Em relação à lista de conteúdos, tivemos em todas elas de alguma maneira a

estrutural, já que todos os livros traziam vários assuntos gramaticais. O livro Muito Prazer,

Bem-vindo e Diálogo Brasil enfatizaram a temática e a situacional. Passagens trouxe uma lista

mais funcional e estrutural, ao passo que Português via Brasil deu ênfase no aspecto estrutural

e temático.

Por fim, todos os livros se enquadram na modalidade de curso geral de português

para estrangeiros, diferenciando-se apenas no nível, nas disposições dos componentes

linguísticos e na forma como concebem cultura.

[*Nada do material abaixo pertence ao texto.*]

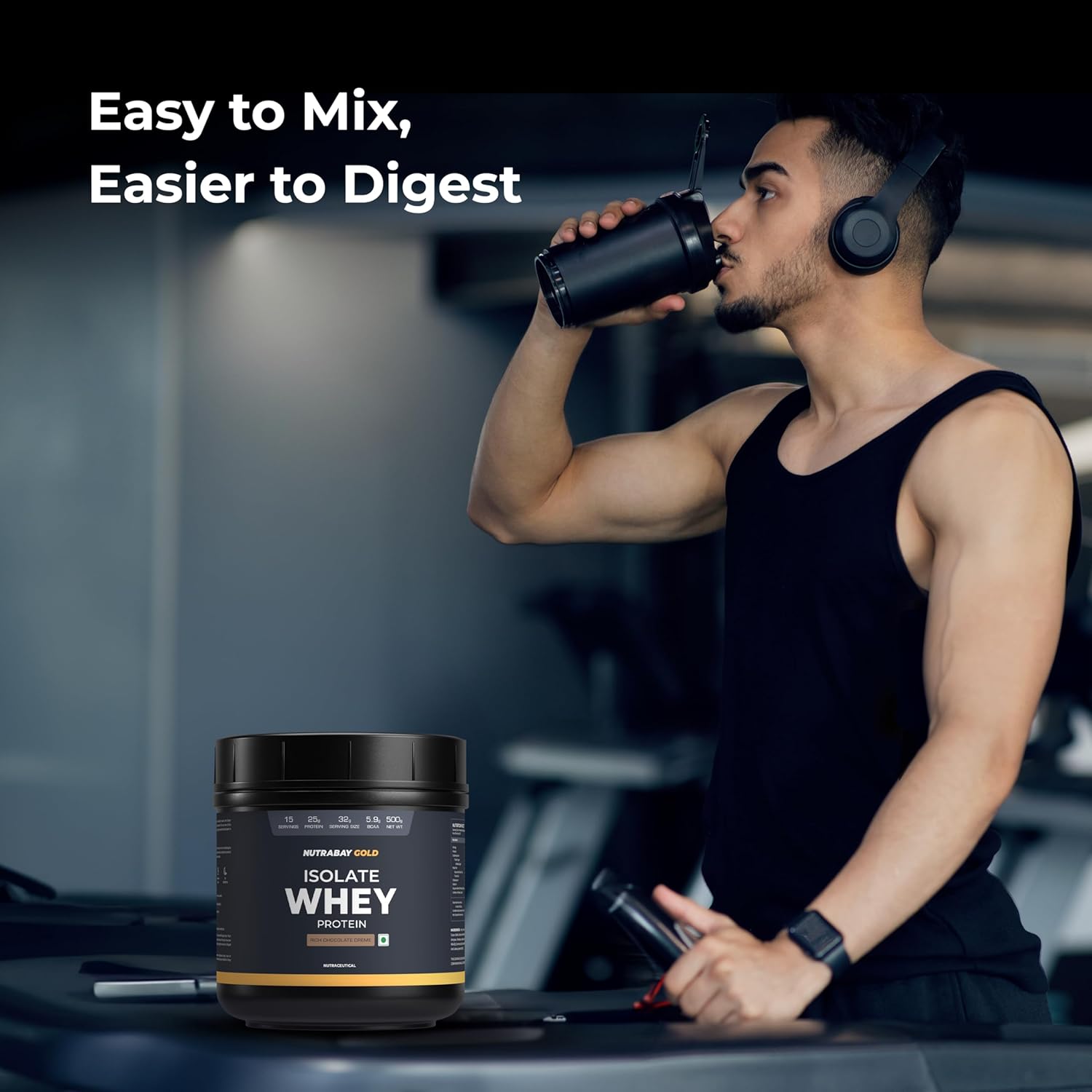 Man drinking from a protein shaker with isolate whey protein container in foreground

A análise dos livros nos fez alcançar os objetivos da nossa pesquisa: saber de que

maneira o PB estava sendo observado nesses manuais. O PB nas quatro variantes observadas

não tem sido apresentado de maneira satisfatória, sendo trazidas, em sua maioria, de maneira

normativa. Sabemos que o uso de clíticos na fala praticamente está extinto e que a principal

maneira de retomar um objeto direto de terceira pessoa é por meio da anulação do objeto. O

verbo ter existencial acabou não aparecendo em dois manuais e as estratégias de relativização

também não apareceram em dois manuais. As estratégias de relativização, novamente,

aparecem apenas na forma padrão, o que distancia ainda mais o português do livro didático do

português brasileiro falado. As questões levantadas nesse trabalho podem servir de base ao

professor que usa ou precisará usar esses livros em situações de ensino-aprendizagem para

que, conhecendo as principais características do PB falado, desenvolva, acrescente, substitua,

modifique as atividades presentes nos manuais. Acreditamos, assim, que apesar das falhas

apontadas na investigação das variantes, nossa proposta trouxe uma contribuição positiva aos

livros de Português para Estrangeiros, já que colocamos questões que podem melhorá-los.